BACKGROUND OF THE INVENTION 1. Field of the Invention
The present invention relates to the field of voice applications and more particularly to integrating speaker identification and voice verification logic in a voice application.
2. Description of the Related Art
Voice applications utilize voice processing to facilitate voice interactions with a data processing application. Voice markup processing represents one technology useful in voice processing and provides a flexible mode for handling voice interactions in a data processing application over a computer communications network. Specifically designed for deployment in the telephony environment, voice markup provides a standardized way for voice processing applications to be defined and deployed for interaction for voice callers over the public switched telephone network (PSTN). In recent years, the VoiceXML specification has become the predominant standardized mechanism for expressing voice applications.
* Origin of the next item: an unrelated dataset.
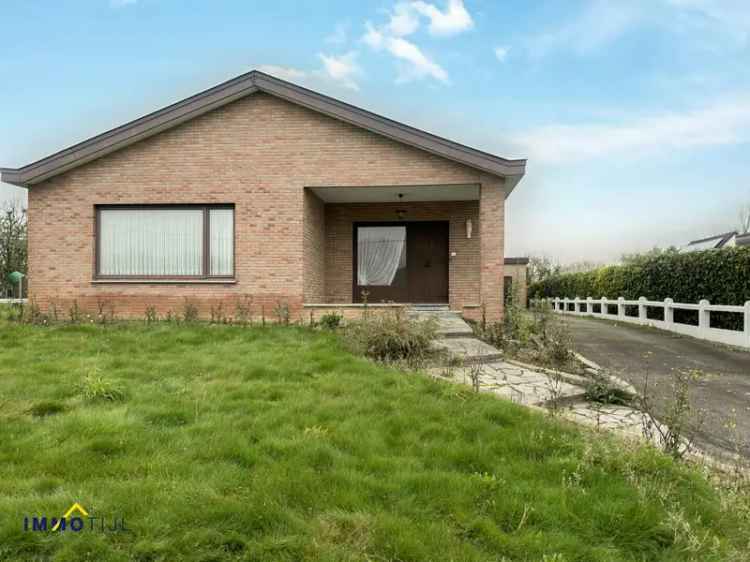 Bungalow met 3 slaapkamers op groot perceel grond!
Despite the popularity of VoiceXML and like markup languages for voice processing, speaker identification and voice verification have not been supported through conventional voice markup browsers. Speaker Identification Verification (SIV) is a speaker identification and voice verification technology used to identify a particular speaker in order to grant access to sensitive information and transactions. SIV introduces the concept of a “Voice Print”. Voice Prints are used for identification, similar to the way fingerprints identify people.
Typically, speaker identification involves two phases. In a first phase, referred to as enrollment, a user can create and associate a voice print with a speaker verification server. In a second phase, referred to as verification, speech collected from a speaker can be compared to the stored voice print to determine whether the speaker is whom the speaker professes to be. In a telephony environment, speaker verification can play an important rule in terms of adding an extra level of security before providing a caller access to sensitive data.
Though speaker identification and voice verification is a seemingly important aspect of data security, the failure of conventional voice processing systems to natively support speaker identification and voice verification has resulted in a hodge podge of ad hoc solutions and proprietary application programming interfaces. The proprietary nature of these ad hoc solutions has compromised compatibility across different voice processing systems and across different host computing environments.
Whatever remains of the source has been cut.